Review: 'Ultimate Star Wars'


Part of the appeal of the original Star Wars trilogy is that it was a fundamentally simple fairy tale: orphaned farm boy’s remaining family is slaughtered, so he decides to leave home and fulfill his destiny as a galaxy-liberating superhero, redeeming his evil robo-dad and hanging out with robots, a princess, a pirate, and a giant dog along the way. The twenty-first century decision to make the tale more complicated than it really needs to be necessitates a book like Ultimate Star Wars. It took four writers—Patricia Barr, Adam Bray, Daniel Wallace, and Ryder Windham—to make sense of all the minor characters, planets, and intergalactic politics the prequel trilogy and the TV series “The Clone Wars” and “Rebels” lumped into the mythology. The book attempts to follow a timeline of sorts by using the series’ multitudinous characters, locations, and hardware as springboards for summarizing the major historical events of the Star Wars universe, but its format, which involves a lot of chronological leaps, keeps the story from ever getting totally straight.
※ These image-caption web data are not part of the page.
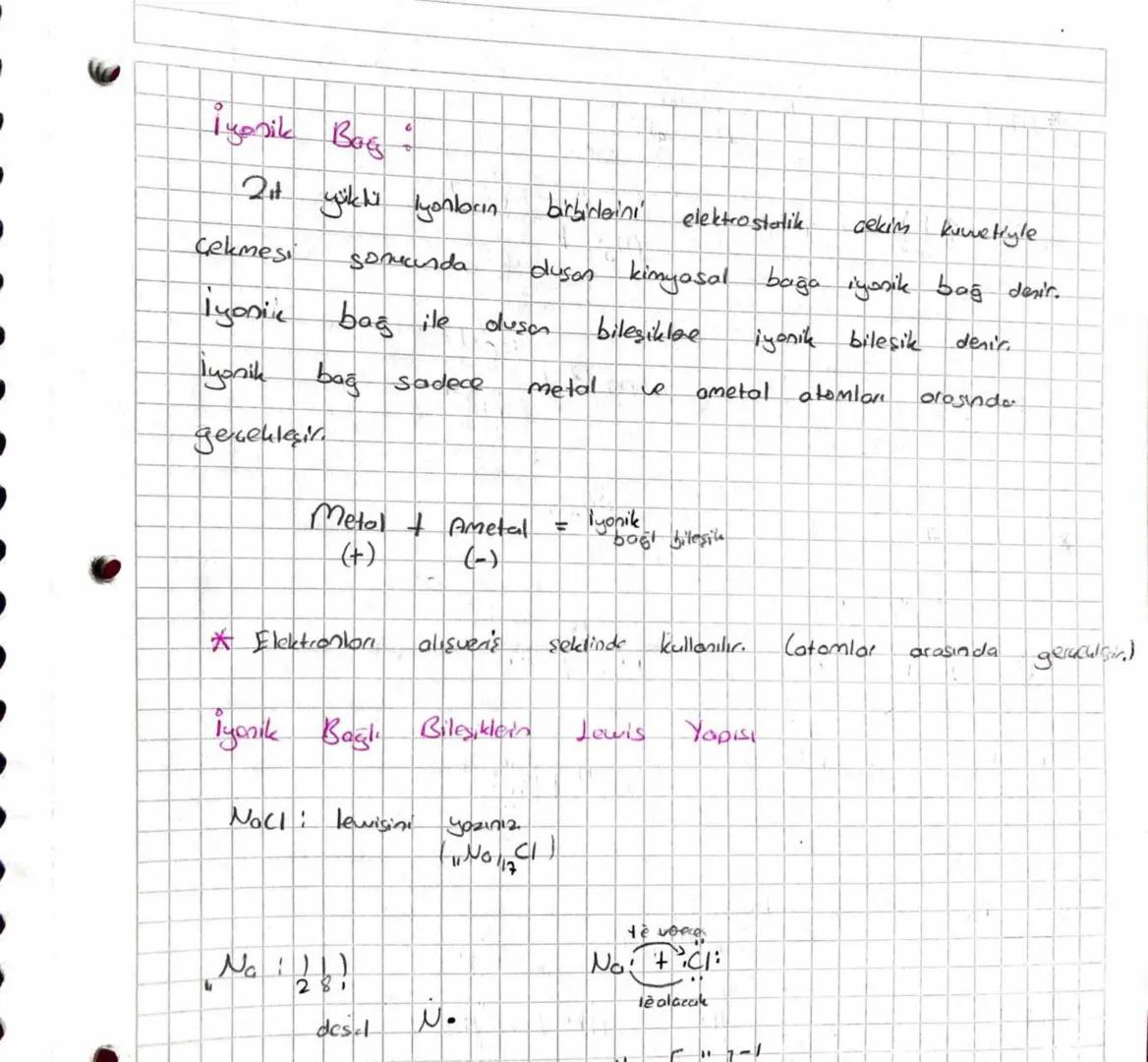 Kimyasal Türkein
Siniflandırılması
Güçlü
etkileşimle
iyonik
kovetest
metalik
bag
bog
bag
Polor
kovalent
Apolor
kovalent
bog
bağ
2ayf
2
Van v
Plus, the quartets’ writing tends to follow the dryness of the prequels instead of attempting to recapture the childlike fun of the original trilogy, so the book reads like a history textbook. Oh, Star Wars. How far you’ve come since the carefree days of C-3PO’s cereal and Boba Fett Underoos.

The writing and format issues are not necessarily deal breakers, since Ultimate Star Wars is a coffee table book at heart, and it is definitely a great-looking one, overstuffed with big color photos of some of cinema’s most colorful characters. And I assure you that with the  exception of a few background characters (Death Star Droid, Snaggletooth, Ree-Yees, etc.) they are all present and accounted for. Hello, Lobot! Hello, Porkins! Hello, Zuckuss 4-Lom! Hello, 4-Lom Zuckuss! Hello, Imperial Officer that Darth Vader chokes for mouthing off! Hello, Cliff Clavin! There is also a smattering of neat behind-the-scenes snaps. The most priceless one is easily a shot of Irvin Kershner, Darth Vader, and IG88 snuggling together to say cheese.” It is adorable.

My fellow original trilogy purists should beware that this book really rubs our noses in the “Special Editions” and prequels. It is so excessive that the guy who wore heavy makeup to play Governor Tarkin at a far distance in Revenge of the Sith is used to illustrate that character’s section instead of Peter Cushing. The section on Jabba’s palace contains a still of the universally loathed— and Jedi-free— “Jedi Rocks” song-and-dance number. The one on Greedo contains a shot of the CG laser leaving his pistol before Han Solo has a chance to shoot first. And I thought George Lucas’s relinquishment of Star Wars to Disney would have brought an end to this kind of thing. How naïve I am.